Responding fully to an RFI

QUESTION 

We are a mortgage servicer, providing servicing throughout the country. I am the company’s Assistant General Counsel. 

As a result of a multistate banking examination, it is alleged that we failed to respond fully to RFI requirements. Specifically, the claim is that we did not provide sufficient information in response. 

Our staff has done considerable research on this matter; however, we have yet to determine how much information is sufficient to satisfy the RFI requirements. I am writing to you to get your view. 

How much information must a servicer provide in response to an RFI? 

ANSWER 

The Real Estate Settlement Procedures Act (RESPA) and its implementing Regulation X require servicers to respond to borrower requests for information (RFIs).
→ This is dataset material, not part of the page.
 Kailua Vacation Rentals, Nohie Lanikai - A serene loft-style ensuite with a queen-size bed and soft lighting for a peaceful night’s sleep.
This procedure results from the Dodd-Frank Wall Street Reform and Consumer Protection Act’s expansion of the scope of RESPA’s complaint handling requirements beyond the previously existing qualified written request (QWR) requirements. 
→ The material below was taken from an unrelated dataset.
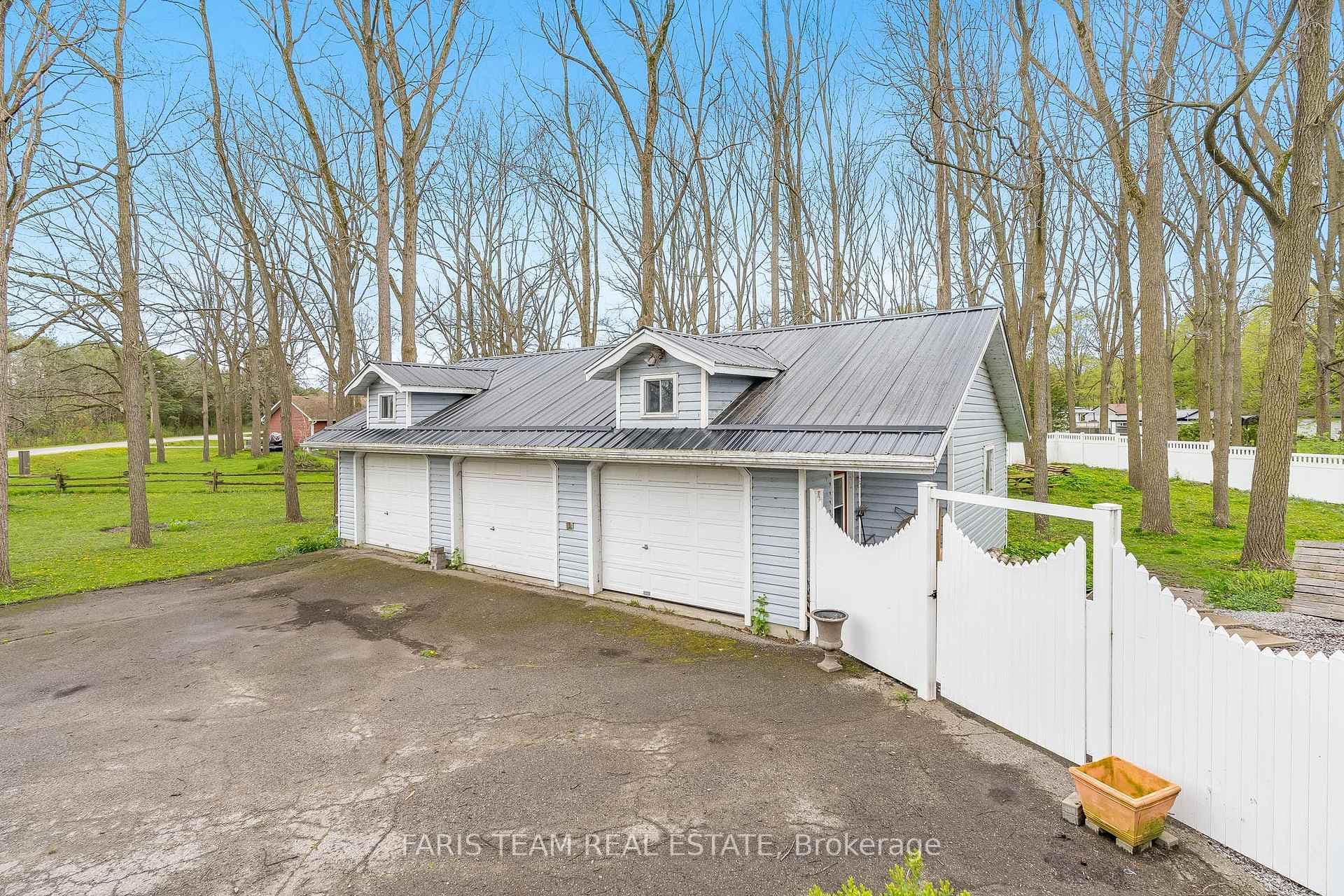 200 Ethel Park Drive photo 3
The RFI requirements apply to any written request from a borrower (or an agent for a borrower) to a servicer for information if the request includes three elements: 

(1) the name of the borrower; 

(2) information that enables the servicer to identify the borrower’s mortgage loan account; and 

(3) a statement of the information the borrower is requesting. 

Let’s take a look at the procedural components. 

Regulation X sets up a 2-step process for responding to RFIs, as follows: 

First, within five days (excluding legal public holidays, Saturdays, and Sundays) after receiving an RFI, a servicer must provide a written acknowledgment of receipt; and 

Second, a servicer generally must respond to the RFI not later than 10 days after receiving an RFI for the identity of, and address or other relevant contact information for, the owner or assignee of a mortgage loan, and not later than 30 days after receiving any other RFI. 

The servicer may extend the 30-day period by 15 days if, before the end of the 30-day period, the servicer notifies the borrower of the extension and its reasons. (The 10-day period cannot be extended.) A servicer need not comply with this 2-step process if it provides the information requested in writing within 5 days after receiving the RFI, along with contact information, including a telephone number, for further assistance. 

In general, the servicer must respond to an RFI by taking one of two actions: 

(1) providing the borrower with the requested information and contact information in writing, including a telephone number; or 

(2) conducting a reasonable search for the requested information and providing the borrower with a written notification stating that the servicer has determined that the information is not available to the servicer, with the basis for that determination and contact information, including a telephone number. 

Now, to your question about how much information must the servicer provide. 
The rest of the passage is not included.